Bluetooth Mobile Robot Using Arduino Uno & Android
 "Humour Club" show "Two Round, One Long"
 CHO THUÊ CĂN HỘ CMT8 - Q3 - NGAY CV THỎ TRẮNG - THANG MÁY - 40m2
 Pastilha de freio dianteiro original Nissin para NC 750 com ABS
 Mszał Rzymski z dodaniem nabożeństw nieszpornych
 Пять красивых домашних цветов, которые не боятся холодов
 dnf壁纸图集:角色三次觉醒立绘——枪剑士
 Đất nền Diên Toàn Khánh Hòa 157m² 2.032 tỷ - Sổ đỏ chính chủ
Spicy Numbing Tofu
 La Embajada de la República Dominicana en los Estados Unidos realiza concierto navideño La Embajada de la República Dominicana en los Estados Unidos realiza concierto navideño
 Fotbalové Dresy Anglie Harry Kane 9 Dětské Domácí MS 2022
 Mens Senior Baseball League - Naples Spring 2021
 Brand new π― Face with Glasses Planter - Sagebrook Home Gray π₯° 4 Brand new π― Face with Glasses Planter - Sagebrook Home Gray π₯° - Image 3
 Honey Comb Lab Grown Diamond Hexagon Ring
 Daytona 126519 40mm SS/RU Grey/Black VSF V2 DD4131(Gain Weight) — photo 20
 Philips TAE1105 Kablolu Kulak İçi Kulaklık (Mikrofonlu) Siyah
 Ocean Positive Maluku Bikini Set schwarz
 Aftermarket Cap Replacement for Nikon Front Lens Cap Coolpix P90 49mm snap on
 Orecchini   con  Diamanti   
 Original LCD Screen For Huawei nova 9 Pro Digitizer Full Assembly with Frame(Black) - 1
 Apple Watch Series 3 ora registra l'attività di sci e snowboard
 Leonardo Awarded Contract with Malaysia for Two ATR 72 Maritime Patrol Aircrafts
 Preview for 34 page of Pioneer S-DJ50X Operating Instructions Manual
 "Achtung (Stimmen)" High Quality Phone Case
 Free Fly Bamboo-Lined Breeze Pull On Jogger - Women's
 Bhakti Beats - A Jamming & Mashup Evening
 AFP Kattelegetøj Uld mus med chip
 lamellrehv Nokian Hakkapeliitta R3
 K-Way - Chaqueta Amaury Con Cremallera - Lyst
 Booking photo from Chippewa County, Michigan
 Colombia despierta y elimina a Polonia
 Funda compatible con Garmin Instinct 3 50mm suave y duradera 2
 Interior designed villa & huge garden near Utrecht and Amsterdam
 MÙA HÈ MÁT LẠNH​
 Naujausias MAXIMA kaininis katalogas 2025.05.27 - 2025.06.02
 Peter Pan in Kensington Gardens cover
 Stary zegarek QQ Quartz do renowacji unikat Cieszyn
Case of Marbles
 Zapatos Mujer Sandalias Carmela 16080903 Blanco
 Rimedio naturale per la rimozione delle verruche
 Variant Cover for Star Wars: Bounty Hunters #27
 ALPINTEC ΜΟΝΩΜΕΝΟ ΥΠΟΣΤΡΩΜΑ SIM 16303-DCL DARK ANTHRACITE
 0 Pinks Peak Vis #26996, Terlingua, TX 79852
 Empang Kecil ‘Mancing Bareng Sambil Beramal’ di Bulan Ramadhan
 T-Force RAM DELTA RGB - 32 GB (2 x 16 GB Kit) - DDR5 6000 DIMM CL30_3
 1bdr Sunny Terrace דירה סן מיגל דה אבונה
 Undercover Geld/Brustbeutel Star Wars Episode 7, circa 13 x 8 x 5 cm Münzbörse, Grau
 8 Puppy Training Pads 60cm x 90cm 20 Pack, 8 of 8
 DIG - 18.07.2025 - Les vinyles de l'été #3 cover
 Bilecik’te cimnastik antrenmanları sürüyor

EXERCISE OBJECTIVE: All of the material should appear again, reproduced word for word.

ANSWER:
Bluetooth Mobile Robot Using Arduino Uno & Android
 "Humour Club" show "Two Round, One Long"
 CHO THUÊ CĂN HỘ CMT8 - Q3 - NGAY CV THỎ TRẮNG - THANG MÁY - 40m2
 Pastilha de freio dianteiro original Nissin para NC 750 com ABS
 Mszał Rzymski z dodaniem nabożeństw nieszpornych
 Пять красивых домашних цветов, которые не боятся холодов
 dnf壁纸图集:角色三次觉醒立绘——枪剑士
 Đất nền Diên Toàn Khánh Hòa 157m² 2.032 tỷ - Sổ đỏ chính chủ
Spicy Numbing Tofu
 La Embajada de la República Dominicana en los Estados Unidos realiza concierto navideño La Embajada de la República Dominicana en los Estados Unidos realiza concierto navideño
 Fotbalové Dresy Anglie Harry Kane 9 Dětské Domácí MS 2022
 Mens Senior Baseball League - Naples Spring 2021
 Brand new π― Face with Glasses Planter - Sagebrook Home Gray π₯° 4 Brand new π― Face with Glasses Planter - Sagebrook Home Gray π₯° - Image 3
 Honey Comb Lab Grown Diamond Hexagon Ring
 Daytona 126519 40mm SS/RU Grey/Black VSF V2 DD4131(Gain Weight) — photo 20
 Philips TAE1105 Kablolu Kulak İçi Kulaklık (Mikrofonlu) Siyah
 Ocean Positive Maluku Bikini Set schwarz
 Aftermarket Cap Replacement for Nikon Front Lens Cap Coolpix P90 49mm snap on
 Orecchini   con  Diamanti   
 Original LCD Screen For Huawei nova 9 Pro Digitizer Full Assembly with Frame(Black) - 1
 Apple Watch Series 3 ora registra l'attività di sci e snowboard
 Leonardo Awarded Contract with Malaysia for Two ATR 72 Maritime Patrol Aircrafts
 Preview for 34 page of Pioneer S-DJ50X Operating Instructions Manual
 "Achtung (Stimmen)" High Quality Phone Case
 Free Fly Bamboo-Lined Breeze Pull On Jogger - Women's
 Bhakti Beats - A Jamming & Mashup Evening
 AFP Kattelegetøj Uld mus med chip
 lamellrehv Nokian Hakkapeliitta R3
 K-Way - Chaqueta Amaury Con Cremallera - Lyst
 Booking photo from Chippewa County, Michigan
 Colombia despierta y elimina a Polonia
 Funda compatible con Garmin Instinct 3 50mm suave y duradera 2
 Interior designed villa & huge garden near Utrecht and Amsterdam
 MÙA HÈ MÁT LẠNH​
 Naujausias MAXIMA kaininis katalogas 2025.05.27 - 2025.06.02
 Peter Pan in Kensington Gardens cover
 Stary zegarek QQ Quartz do renowacji unikat Cieszyn
Case of Marbles
 Zapatos Mujer Sandalias Carmela 16080903 Blanco
 Rimedio naturale per la rimozione delle verruche
 Variant Cover for Star Wars: Bounty Hunters #27
 ALPINTEC ΜΟΝΩΜΕΝΟ ΥΠΟΣΤΡΩΜΑ SIM 16303-DCL DARK ANTHRACITE
 0 Pinks Peak Vis #26996, Terlingua, TX 79852
 Empang Kecil ‘Mancing Bareng Sambil Beramal’ di Bulan Ramadhan
 T-Force RAM DELTA RGB - 32 GB (2 x 16 GB Kit) - DDR5 6000 DIMM CL30_3
 1bdr Sunny Terrace דירה סן מיגל דה אבונה
 Undercover Geld/Brustbeutel Star Wars Episode 7, circa 13 x 8 x 5 cm Münzbörse, Grau
 8 Puppy Training Pads 60cm x 90cm 20 Pack, 8 of 8
 DIG - 18.07.2025 - Les vinyles de l'été #3 cover
 Bilecik’te cimnastik antrenmanları sürüyor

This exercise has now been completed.